▶ _Available data_
════════

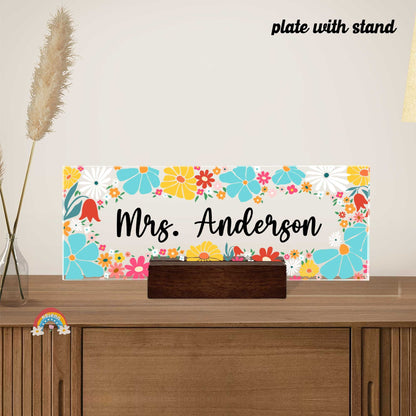 The design combines various flowers in shades of orange, blue, and pink, interspersed with green leaves, creating a vibrant backdrop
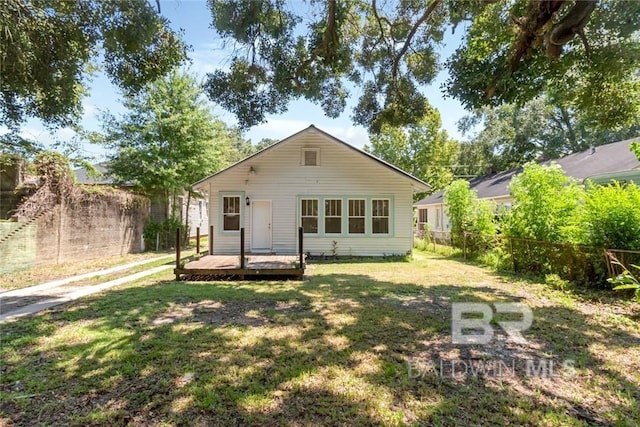 back of property with a deck and a lawn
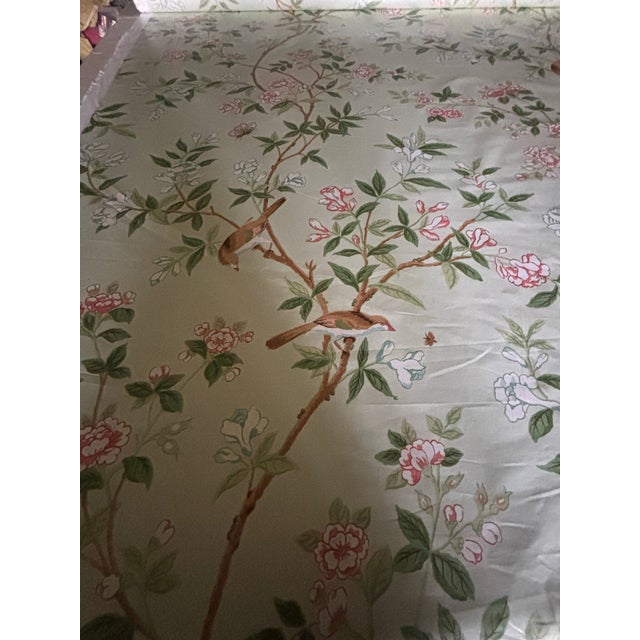 14.75 yards of gorgeous traditional chintz fabric featuring a limo green background with trees, flowers and birds....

════════

▶ _Task directions_
These lines alone form the answer: the one containing "back of property with a deck and a lawn" and every line after it through the end of the material, exactly as written, pictures left out.

▶ _Answer to this exercise_
 back of property with a deck and a lawn
 14.75 yards of gorgeous traditional chintz fabric featuring a limo green background with trees, flowers and birds....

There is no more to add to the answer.